Regia di Alejandro Amenábar vedi scheda film
Mateo Gil, sceneggiatore abituale del regista spagnolo, va giù pesante con una sceneggiatura approssimativa sulle vicende che portarono alla fine del IV secolo d.C. alla distruzione della biblioteca di Alessandria e alla persecuzione dei cristiani contro gli ebrei. Se e quanto sia veritiera la storia narrata in Agorà, lascio agli storici il compito di commentare e indagare: qui si parla di un film che a mio parere si prende troppo sul serio, narrando fatti che neppure la storiografia più illuminata ha del tutto svelato.
È certo che la filosofa neo-platonica Ipazia è esistita (ne fanno menzione Suda, Damascio, che ne descrive la morte orrenda, voluta dal vescovo Cirillo, poi fatto santo della chiesa – niente di nuovo, anche il faccendiere Escrivà è stato santificato qualche anno fa, siamo certi che faranno santo anche il ministro Bondi, ne ha le fattezze paffute). Ipazia, si sa, ma mancano fonti certe fu matematica, filosofo, astronomo valente (una donna di duemila anni che somiglia molto a Margherita Hack è un controsenso oggi che in parlamento stazionano intelligenze come la Gelmini e la Binetti!).
Vado a braccio, questo film è per me di scarso interesse estetico e filosofico e mi è piaciuto quanto una puntata di “Ulisse, Il piacere della scoperta” del figlio di Piero Angela, e mi pare di poter affermare che è un brutto film.
Brutto come digitalizzazione della città di Alessandria, ricostruita come neppure Vespa fa con gli abituri dei crimini.
Brutto perché, privo di verità storica, ambisce a dare lezioni di storia talmente da “Reader’s Digest” che il dotto Gianfranco Ravasi ne farà un boccone succulento di indagine storiografica comme il faut.
Brutto perché, bisogna dirlo onestamente, l’accensione anticristiana, pure ammettendo che i fatti narrati siano verosimili, conduce il regista a raffigurare i cristiani come degli invasati (vedi Ammonio, monaco sdentato e fuori di testa).
Brutto perché imita il modello hollywoodiano (il film è stato doppiato in lingua inglese per propinarlo ai figli dei Padri Pellegrini che di persecuzioni e uccisioni di indiani sono esperti eredi di Cirillo e non vanno tanto per il sottile in questioni di filologia classica).

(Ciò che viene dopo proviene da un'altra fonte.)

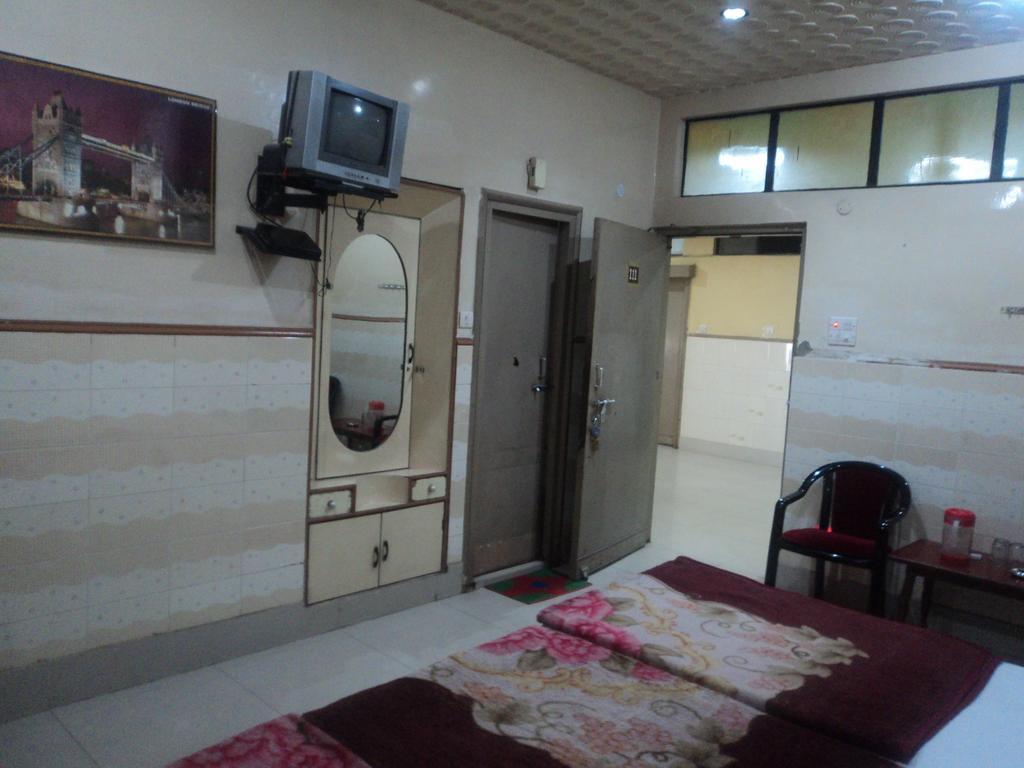 Hotel Jyoti 瓦拉纳西 外观 照片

Brutto perché ha cucito sulla affascinante Rachel Weisz un vestito che poco si addice all’attrice, altrimenti seducente, per farne nientemeno che una vergine martire, attribuendole in dote tre maschi cascamorti, dei quali uno solo pare sia realmente esistito (l’allievo e poi prefetto Oreste), laddove Sinesio è un intruso storico e lo schiavo Davos una pura invenzione mirante a servire un finale, la lapidazione di Ipazia, in cui l’uomo, prima che la filosofa sia uccisa, la soffoca perché quella non debba soffrire (in realtà, è accertato che Ipazia era sola quando fu scorticata viva con i gusci delle ostriche).
Brutte le musiche di Dario Marianelli che imperversano con note improbabili, quando da tempo sono a disposizione (vedi Mario Panagua e il suo Ensemble “Musica Antiqua”) trascrizioni di inni e canti coevi; senza dire che l’aulòs non è un doppio piffero come si vede nel film.

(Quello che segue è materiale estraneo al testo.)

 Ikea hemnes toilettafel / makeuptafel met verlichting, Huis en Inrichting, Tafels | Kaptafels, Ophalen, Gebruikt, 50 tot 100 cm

Alejandro Amenábar, regista altrove sensibile e raffinato (vedi le atmosfere goticheggianti alla Henry James in The Others e il notevole Mare Dentro) prende una cantonata con questo polpettone.
Non so quali pericoli possa rappresentare per i vigilantes del governo in carica o per la pervasiva chiesa ratzingeriana; so quale pericolo possa rappresentare per il cinema l’approssimativo, scadente film di cartone digitale Agorà che ignora la lezione di ‘educazione’ storica, raffinata di Rossellini, Straub-Huillet, Ejzenstejn con un film pretenzioso e ridicolo: le scene con Ipazia che scruta il cielo e calcola e ragiona per oltre due ore se ha ragione Tolomeo o aveva ragione Aristarco, e scopre il movimento eliocentrico, proprio mentre la folla di lapidatori sta varcando la sua abitazione, è un’aberratio degna della Messalina di Alfred Jarry. Con la differenza che il sommo surrealista prendeva per il culo la storia mentre Amenábar prende quello come storia.